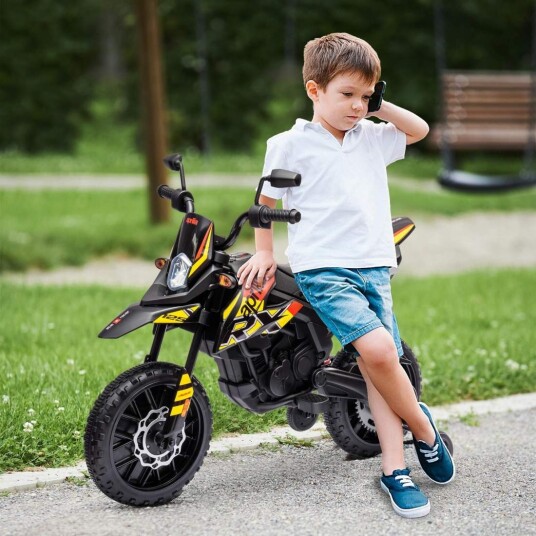El motorsykkel for barn 12V barnemotorsykkel med musikk 6 km/t barnevogn med avtagbare treningshjul 12 tommers plastdekk for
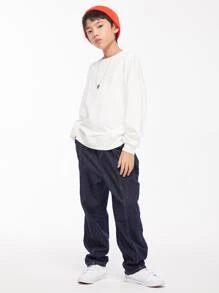 Pantalones vaqueros rectos con efecto de denim lavado de estilo vintage para niños preadolescentes para primavera y otoño - Azul lavado oscuro - Ver 5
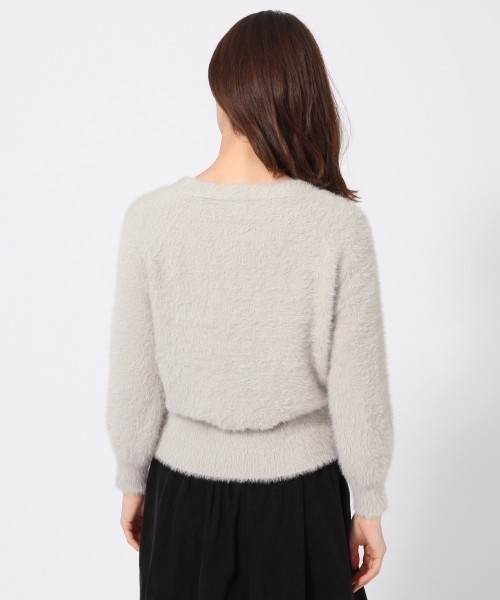 GLOBAL WORK（グローバルワーク）の「フェザーVネックカーディガン長袖/767728（カーディガン/ボレロ・レディース・ライトブルー/ベージュ/ネイビー/グレー・MEDIUM/LARGE）」の5枚目の写真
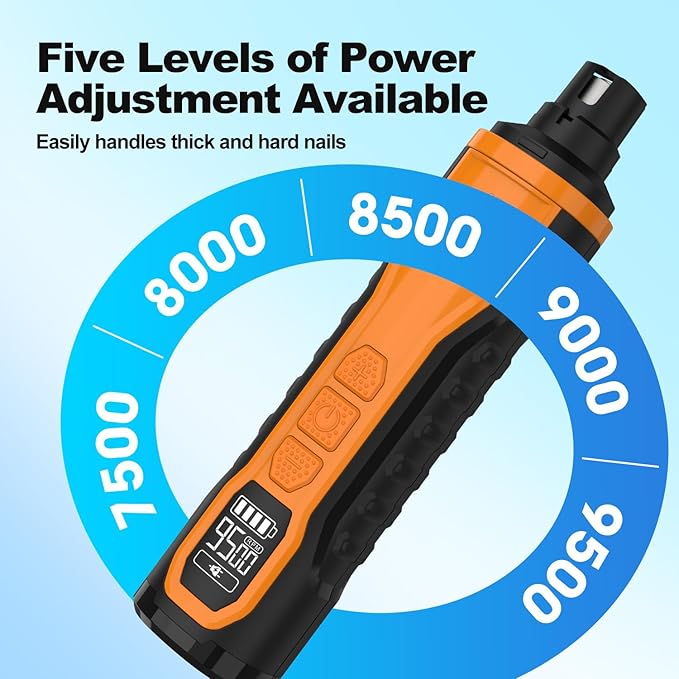 Dog Nail Grinder Quite, Cordless Grooming Pro Nail Grinder with 5 Adjustable Speeds & Led Light, & 2000mAh Battery, Suitable for Large Dogs, Medium, Small Pets with Hard or Thick Nail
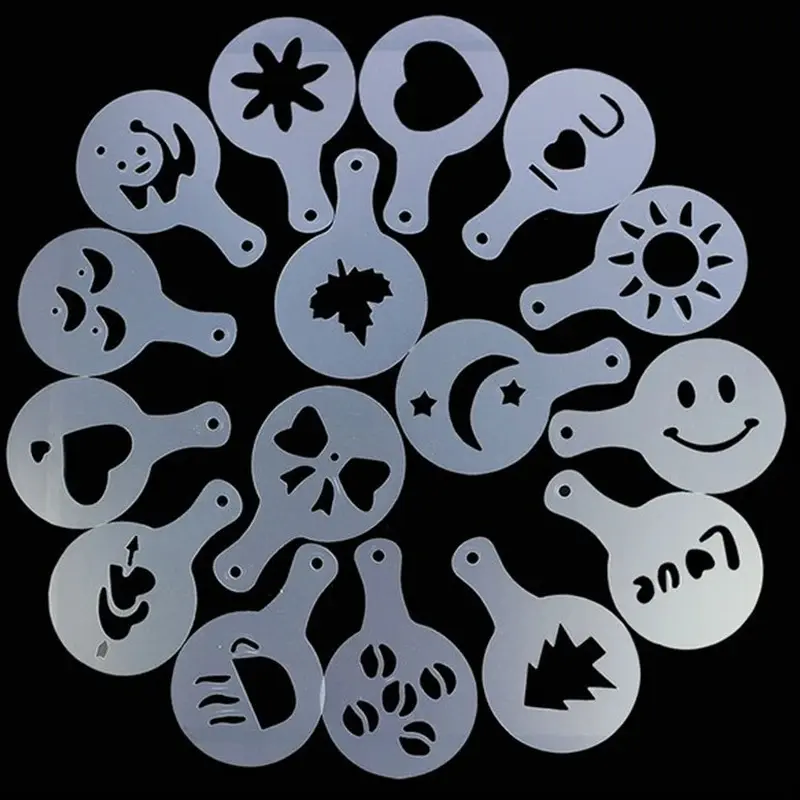 1pc Stainless Steel Chocolate Shaker Cocoa Flour Coffee Sifter Or 16Pcs Coffee Stencils Template Strew Pad Duster Spray Tools
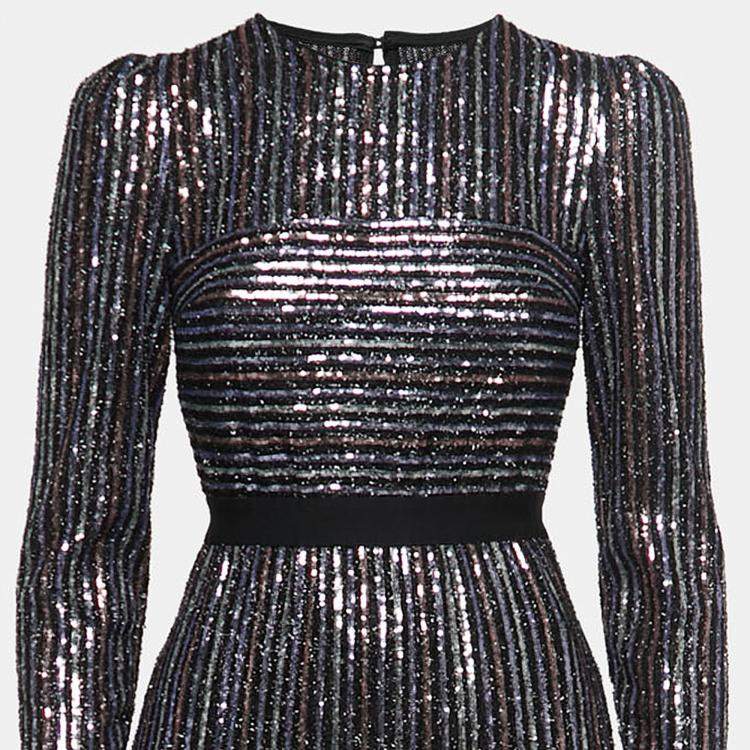Pre Owned Self-Portrait Black Sequined Tiered Maxi Dress S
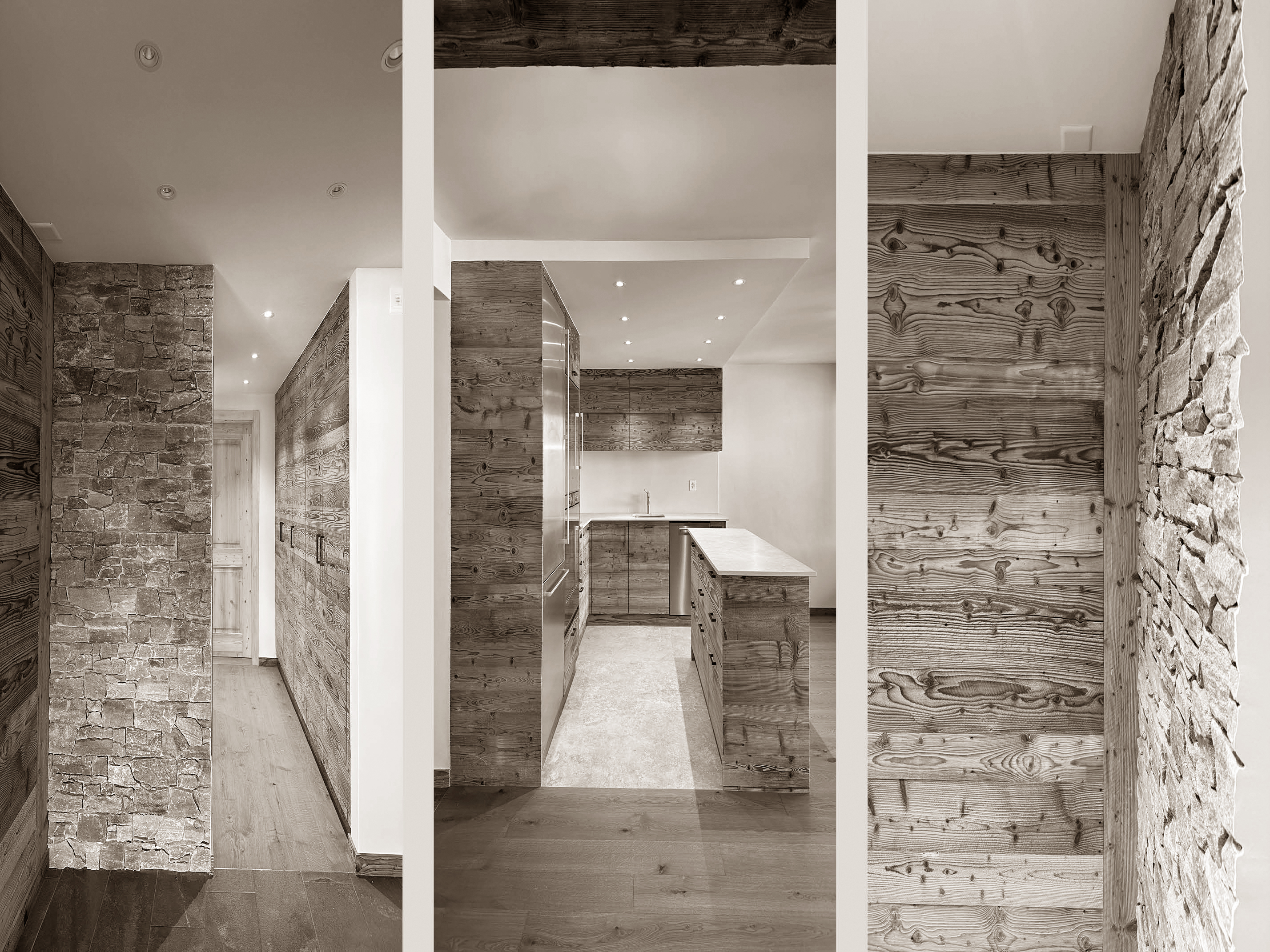 Elegant interior corridor showcasing a refined mix of natural stone and rich wooden paneling, leading seamlessly into a modern kitchen space, where warm lighting and clean lines enhance the chalet’s timeless character.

Work order
Beginning with the line that contains "1pc Stainless Steel", reproduce every line through the end of the records above exactly, leaving pictures out.

Task solution
 1pc Stainless Steel Chocolate Shaker Cocoa Flour Coffee Sifter Or 16Pcs Coffee Stencils Template Strew Pad Duster Spray Tools
Pre Owned Self-Portrait Black Sequined Tiered Maxi Dress S
 Elegant interior corridor showcasing a refined mix of natural stone and rich wooden paneling, leading seamlessly into a modern kitchen space, where warm lighting and clean lines enhance the chalet’s timeless character.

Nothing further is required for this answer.